My daughter’s mother and I were doing laundry, fulfilling our parental duties, and there was a man making his way towards us, while the daughter of ours played and busied herself with machine sounds, and I saw the man’s feet and they looked like Rikers; the black joints straddling the tip-top’s of his toes, with the straps strapped on, with the super-thin soles underneath. And I gave him a dollar and thought, they only do that in the Bronx. The moment was like doing it in the park, like Crazy Legs, like the cats that bomb over by Bruckner or near the Concourse, or if you get off at 161st and find the skating park. Because it still feels like the 80s here. They filmed The Get Down here in Mott Haven by St. Mary’s. I remember because I walked during my lunch break one time and saw the crew and thought I saw a wave of breaking bad, because now others know what Fab 5 Feddy knew when he walked Basquiat and Haring and Warhol over the bridge to projects, oye to see the art and the train cars smothered in acrylics, smelling of moths, seething with stale shit, high stakes.

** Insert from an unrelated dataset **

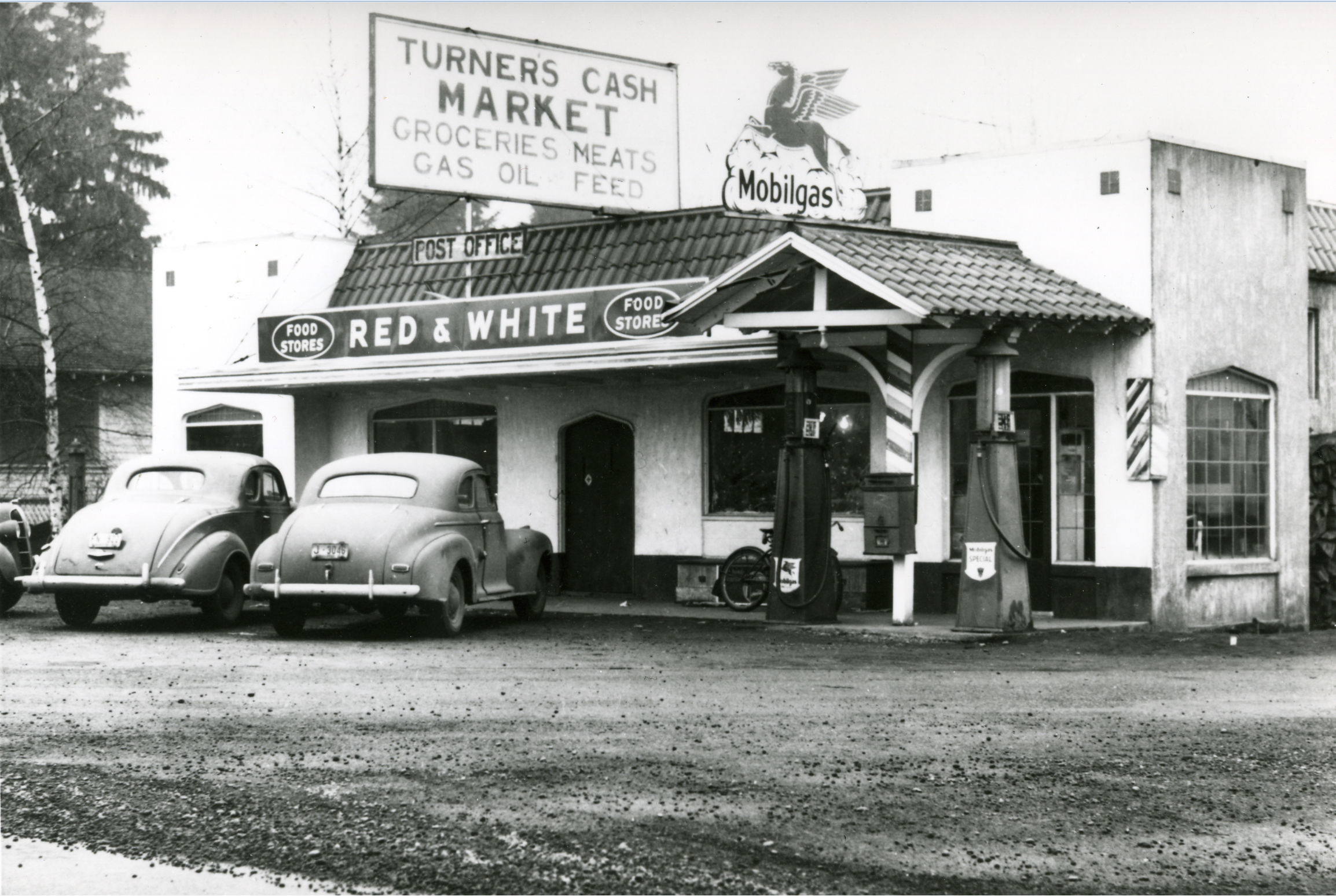 Turners Cash Market<br /><p style="font-size: 8px"> Tacoma Public Library, Collection 2001-005</p> Turners Cash Market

I remember going to Brooklyn to record once in a recent time — these are after the days long gone when Junior Gong brought the sound statewide, and I saw white boys with soccer balls in Bedstuy and was like, where are the stick ball players and shoot-outs and chain snatchers…why are they not scared any longer? This is good, no? This is growth, yes? People can move here and feel as if they are a part of the culture, one with the culture, and the steam the concrete gives off. This is how it starts. This is commodification’s tipping point. Condominiums are condiments now, are what condoms were then, what co-ops used to be, why consciousness cannot live.
Because where? You cannot coexist where wine shops and wi-fi are indicative of exit strategies for the surbanite looking to not be near a bulletproof glass bodega or liquor store; to not nest next to a santeria, rickety swing holding playground park, packed with sprinklers the width of machete, thick of children short and sweet like stumps of sugar cane. We want cultures to come, to melt, meld together, molten chunks of latin gringo negro bachata catholic hebrew liberal gumbo, to embolden the rest to come and dance and sing and pick at the thickest of skins of the marginalized and go “look, see for yourself…they breathe and eat and play and breastfeed like everybody else!” Ah, look at all the people smiling, the leche con fuego is here and the after taste is high rents and destabilized living and lack of income, pero look at the pot mama, it is done, it is burning.